Despite Statistics being the most mature data related discipline, statisticians have not fared well in terms of being selected for funding or leadership positions in the new initiatives brought about by the increasing interest in data. Just to give one example (Jeff and Terry Speed give many more) the White House Big Data Partners Workshop  had 19 members of which 0 were statisticians. The statistical community is clearly worried about this predicament and there is widespread consensus that we need to be better at marketing. Although I agree that only good can come from better communicating what we do, it is also important to continue doing one of the things we do best: resisting the hype and being realistic about data.

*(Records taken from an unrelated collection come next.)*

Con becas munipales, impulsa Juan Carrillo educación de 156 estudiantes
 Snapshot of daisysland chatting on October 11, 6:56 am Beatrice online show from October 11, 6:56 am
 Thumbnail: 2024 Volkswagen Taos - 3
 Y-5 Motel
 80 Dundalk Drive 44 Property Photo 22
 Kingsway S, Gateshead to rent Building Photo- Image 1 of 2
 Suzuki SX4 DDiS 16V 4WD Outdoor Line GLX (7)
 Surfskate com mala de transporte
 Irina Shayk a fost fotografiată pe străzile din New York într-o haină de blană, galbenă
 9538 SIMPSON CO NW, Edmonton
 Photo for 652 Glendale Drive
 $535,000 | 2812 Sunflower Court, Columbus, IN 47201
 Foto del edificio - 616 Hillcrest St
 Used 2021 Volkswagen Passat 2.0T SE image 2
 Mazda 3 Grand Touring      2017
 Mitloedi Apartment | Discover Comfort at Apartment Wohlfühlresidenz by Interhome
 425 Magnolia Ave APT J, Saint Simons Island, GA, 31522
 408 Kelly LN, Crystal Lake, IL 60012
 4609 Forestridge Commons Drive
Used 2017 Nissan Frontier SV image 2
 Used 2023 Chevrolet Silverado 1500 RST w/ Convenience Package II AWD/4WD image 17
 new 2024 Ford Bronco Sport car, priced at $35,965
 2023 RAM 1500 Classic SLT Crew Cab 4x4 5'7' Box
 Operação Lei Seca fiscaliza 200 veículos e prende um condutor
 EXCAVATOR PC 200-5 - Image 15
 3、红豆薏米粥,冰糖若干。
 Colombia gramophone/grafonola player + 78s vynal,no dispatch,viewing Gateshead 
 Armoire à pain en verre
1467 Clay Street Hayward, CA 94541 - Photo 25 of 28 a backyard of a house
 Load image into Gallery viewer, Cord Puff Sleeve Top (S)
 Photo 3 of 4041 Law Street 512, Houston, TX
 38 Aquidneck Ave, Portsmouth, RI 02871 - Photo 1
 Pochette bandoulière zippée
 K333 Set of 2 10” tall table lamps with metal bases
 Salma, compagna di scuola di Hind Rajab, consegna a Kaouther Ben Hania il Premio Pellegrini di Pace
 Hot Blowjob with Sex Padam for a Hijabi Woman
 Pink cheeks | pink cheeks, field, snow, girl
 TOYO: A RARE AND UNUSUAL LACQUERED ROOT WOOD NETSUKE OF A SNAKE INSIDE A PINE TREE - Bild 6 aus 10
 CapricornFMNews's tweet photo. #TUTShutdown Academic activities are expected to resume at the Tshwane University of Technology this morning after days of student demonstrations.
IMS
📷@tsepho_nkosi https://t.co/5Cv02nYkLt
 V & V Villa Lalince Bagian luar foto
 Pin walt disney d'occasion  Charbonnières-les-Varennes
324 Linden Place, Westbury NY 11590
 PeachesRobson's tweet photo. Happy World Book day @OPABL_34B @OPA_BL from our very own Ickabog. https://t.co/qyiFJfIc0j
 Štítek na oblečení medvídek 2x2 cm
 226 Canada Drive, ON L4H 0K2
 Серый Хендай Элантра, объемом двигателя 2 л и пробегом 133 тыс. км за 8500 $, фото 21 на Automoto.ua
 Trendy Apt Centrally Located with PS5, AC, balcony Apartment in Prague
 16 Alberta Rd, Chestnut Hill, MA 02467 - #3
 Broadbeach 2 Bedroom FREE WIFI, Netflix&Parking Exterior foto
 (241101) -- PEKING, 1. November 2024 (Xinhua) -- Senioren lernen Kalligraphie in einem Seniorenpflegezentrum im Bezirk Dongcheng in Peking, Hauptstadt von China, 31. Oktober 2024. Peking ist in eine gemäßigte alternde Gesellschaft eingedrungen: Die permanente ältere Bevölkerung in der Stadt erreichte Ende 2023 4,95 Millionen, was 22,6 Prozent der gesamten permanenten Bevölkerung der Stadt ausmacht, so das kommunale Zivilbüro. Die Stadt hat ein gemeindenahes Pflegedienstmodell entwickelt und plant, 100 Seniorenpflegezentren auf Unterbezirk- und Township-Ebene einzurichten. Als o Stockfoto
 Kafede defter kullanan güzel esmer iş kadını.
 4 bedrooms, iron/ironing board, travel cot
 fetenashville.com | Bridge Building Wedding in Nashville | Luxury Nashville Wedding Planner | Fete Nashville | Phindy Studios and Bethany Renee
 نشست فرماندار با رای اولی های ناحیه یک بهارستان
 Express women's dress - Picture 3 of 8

This week, after reading Mike Jordan’s reddit ask me anything, I was reminded of exactly how much I admire this quality in statisticians. From reading the interview one learns about instances where hype has led to confusion, how getting past this confusion helps us better understand and consequently appreciate the importance of his field. For the past 30 years, Mike Jordan has been one of the most prolific academics working in the areas that today are receiving increased attention_._ Yet, you won’t find a hyped-up press release coming out of his lab.  In fact when a journalist tried to hype up Jordan’s critique of hype, Jordan called out the author.

Assessing the current situation with data initiatives it is hard not to conclude that hype is being rewarded. Many statisticians have come to the sad realization that by being cautious and skeptical, we may be losing out on funding possibilities and leadership roles. However, I remain very much upbeat about our discipline.  First, being skeptical and cautious has actually led to many important contributions. An important example is how randomized controlled experiments changed how medical procedures are evaluated. A more recent one is the concept of FDR, which helps control false discoveries in, for example,  high-throughput experiments. Second, many of us continue to work in the interface with real world applications placing us in a good position to make relevant contributions. Third, despite the failures alluded to above, we continue to successfully find ways to fund our work. Although resisting the hype has cost us in the short term, we will continue to produce methods that will be useful in the long term, as we have been doing for decades. Our methods will still be used when today’s hyped up press releases are long forgotten.